With more than 281,000 Jamaicans seeking help from the NHF this year to defeat the disease dubbed the 'silent killer', the entity has provided the money in the form of drugs subsidy up to the end of September this year.

According to NHF data, the total subsidy payment for hypertension drugs claims increased from $867.7 million for the financial year 2013-2014 to $941.7 million in the 2014-2015 financial year.

The number of Jamaicans seeking help to treat hypertension has doubled, and in many cases tripled the number seeking drug subsidies to treat other medical conditions such as diabetes, cancer, arthritis and high cholesterol.

"The incidence of hypertension is lifestyle-related and the major risk factors are obesity, diet, inadequate physical activity, alcohol consumption and tobacco use, stress and the ageing process," the NHF noted.

The number of beneficiaries who have received hypertension drugs through the NHF jumped to 164,038 in 2014-2015 from 139,923 beneficiaries in 2012-2013.

The drugs subsidised to deal with this condition include enalapril, nifedipine and hydrochlorothiazide.

According to data from the Jamaica Health and Lifestyle Survey, the number of Jamaicans with hypertension and prehypertension increased from 21 per cent to 25 per cent and 30 per cent to 35 per cent, respectively, between 2000-2001 and 2007-2008.

Director of the Epidemiology Research Unit at the University of the West Indies, Professor Rainford Wilks, said that while another survey is now due, he does not believe the figures have decreased since 2008.

According to Wilks, they are preparing to undertake the next Health and Lifestyle Survey come January 2016.

"Obesity, lack of activity and too much salt in the diet are the three big issues that are of concern to us.

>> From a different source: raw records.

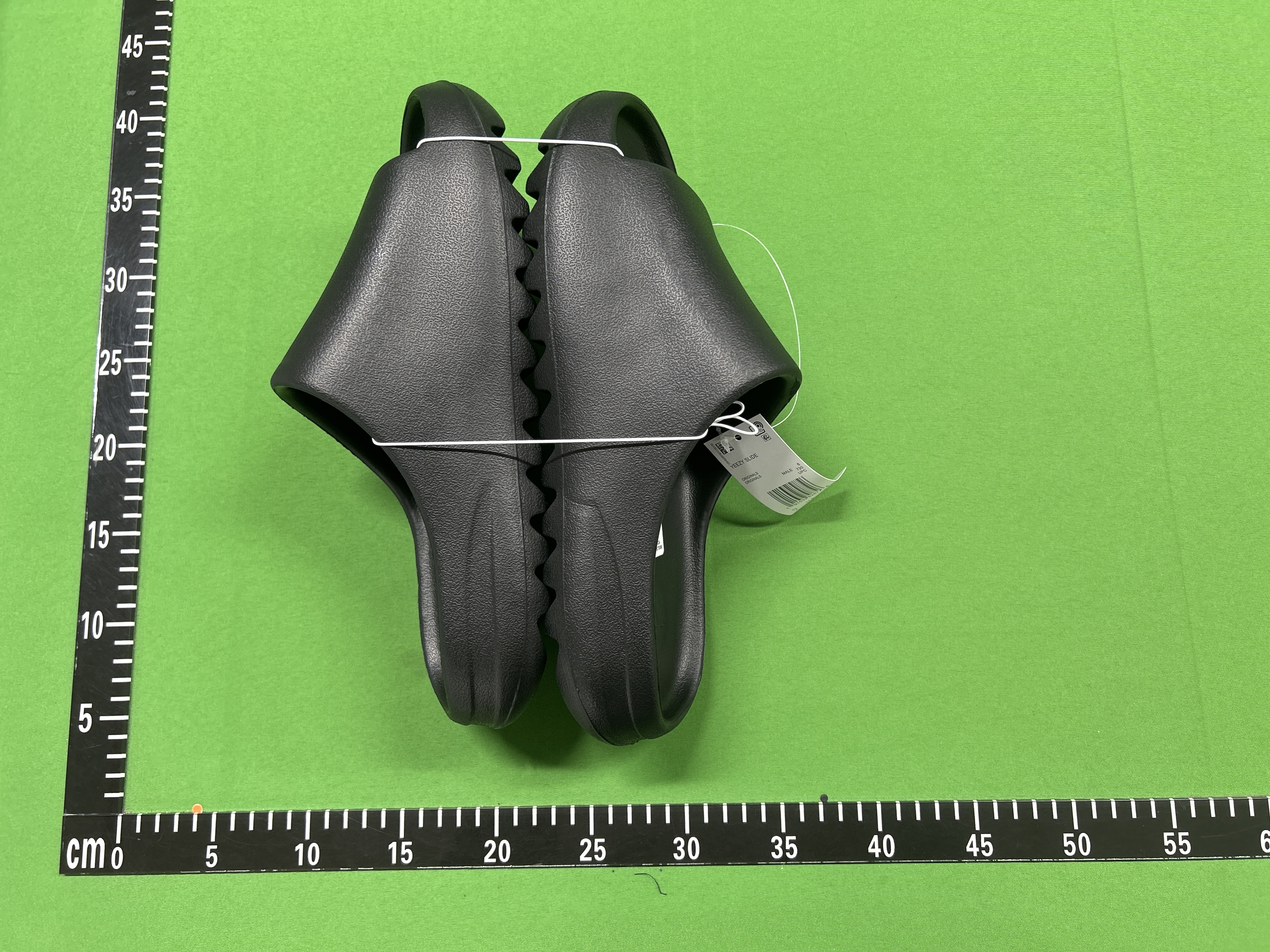 Product photo 2
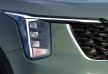 2027 Kia Sorento Hibrit Geniş Aileler İçin Doğru Seçim mi? - fotoğraf 2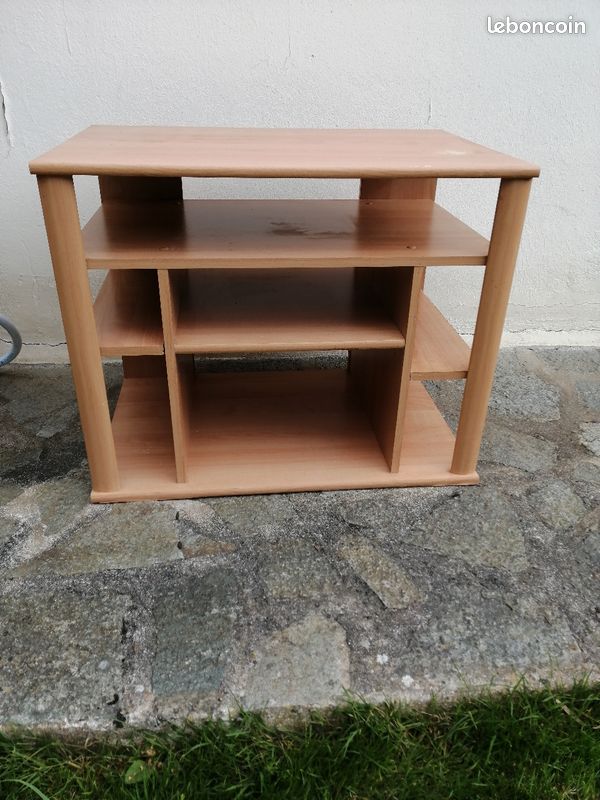 Meuble télé (image 1)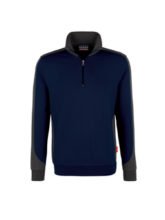 Fleece - Navy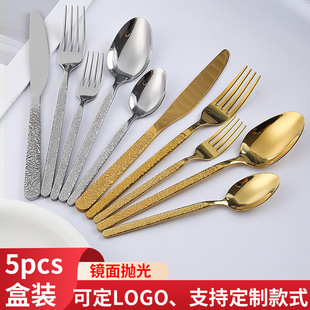 �S�����lʯ�y���P䓵��������b����ţ�ŵ�����Ʒ�ױ��ײ��P䓲;�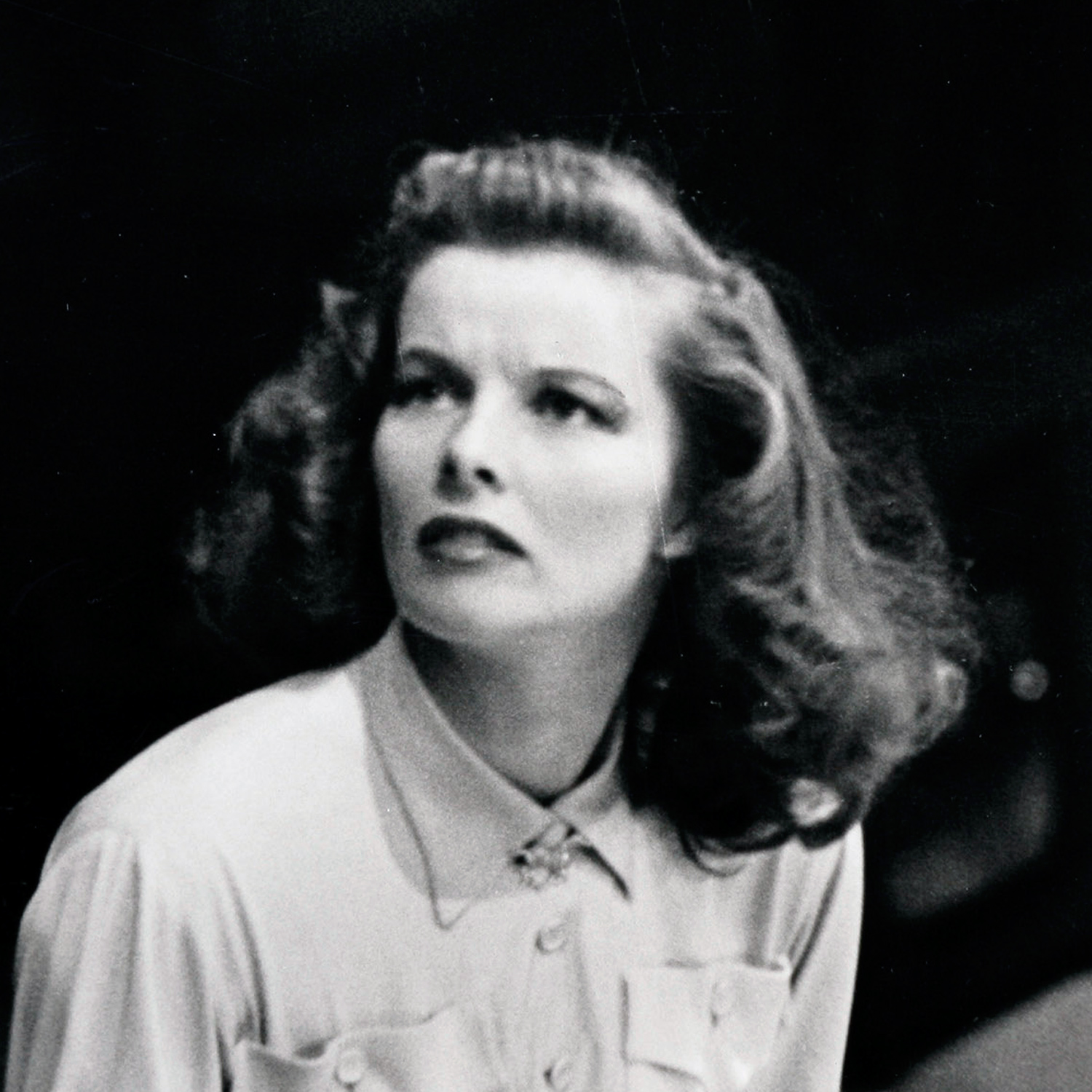 Katharine Hepburns Nine Academy Award Nominations And The Legacy She Left - 81gzpmt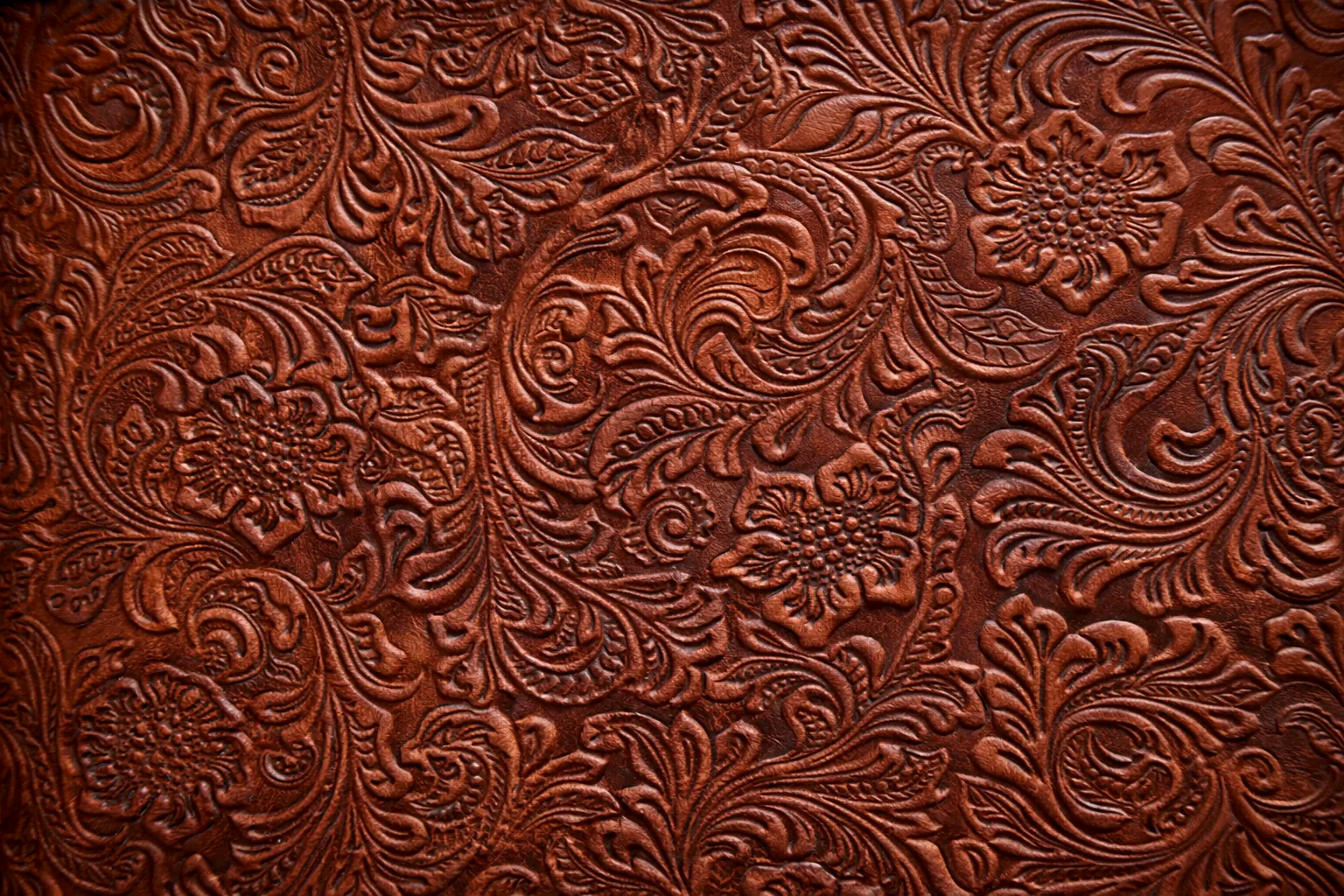 Kuaför Makas Çantası Hakiki Deri El Dikişi 6’lı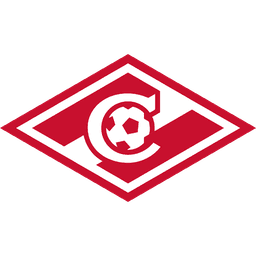 Spartak Moscow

Unless we are able to arrest those, we are not likely to see any cauterisation of the trend in increase in hypertension," said Wilks.

"People's sensitivity to the issue continues to be low, because it's not a disease that causes symptoms, so they don't really take it seriously until there are complications like stroke or heart attack or kidney problem or something like that," he added.

General practitioner Dr Jacqueline Campbell said she, too, is concerned that people have not been making the necessary lifestyle changes to reduce their risk.

One of the primary challenges, she said, to reducing the number of individuals being diagnosed with hypertension is the fact that Jamaicans generally tend to eat a lot.

"Some people eat too much food. People eat with the eyes. So if you give them a good enough portion and recommend what ... [is the correct portion of a particular food], they are going to say, 'but I can't eat just that'," she said.

"Many times people come in with hypertension and so on, they are not really looking at the entire picture. They are not looking at, for example, the impact excess weight is having. They are not looking at the impact of, say, stress. They are not looking at the impact of, say, exercising.

"They are not looking at the impact of salt consumption because many of our food contain too much salt and people add too much salt," the doctor explained.